‘If it sounds too good to be true, it probably is:’ Warning over holiday fraud scam
PUBLISHED: 10:25 25 February 2019
Police have issued a warning following a spate of cold calls from fraudsters claiming to be from travel companies.
A post on the Halesworth Police Facebook page has urged people to be “wary of unsolicited calls, emails and texts” which are offering “questionably good” deals on flights.
A police spokesman said: “Victims are being cold called by fraudsters purporting to be travel companies.
“However fraudsters in these cases are using new tactics to gain the victim’s trust.
“Intelligence suggests they appear to know that the victim has recently been searching to book flights online.
“It is suspected that this is because the victim has provided their contact details when making a search for flights on a bogus website which records their personal details.

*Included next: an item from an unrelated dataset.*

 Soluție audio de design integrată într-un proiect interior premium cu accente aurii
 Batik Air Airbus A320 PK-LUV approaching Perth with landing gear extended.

“Once contacted, the victim wrongly believes the call to be genuine and a deliberately low quote for the desired flights tempts many victims into making payment.
“After having made a payment for flights as a result of the call, victims have reported receiving a confirmation email but further enquiries with the airline have revealed their booking does not exist. When victims have attempted to re-contact the suspect they have found that all contact has been severed.”
The spokesman added: “Halesworth Police is urging people to be wary of unsolicited calls, emails and texts offering questionably good deals on flights. “Remember, if it sounds too good to be true, it probably is.
“If you’re purchasing tickets from a company you don’t know and trust, carry out some research first, such as searching the company’s name on the ABTA and ATOL databases. You can also ask friends or family for advice before you make a purchase.
“Avoid paying for tickets by bank transfer as it offers you little protection if you become a victim of fraud. Instead, use a credit card or payment services such as PayPal.
“Never reveal any personal or financial details as a result of an unsolicited call, email or text. Even if someone knows your basic details (such as your name and contact details), it doesn’t mean they are genuine.”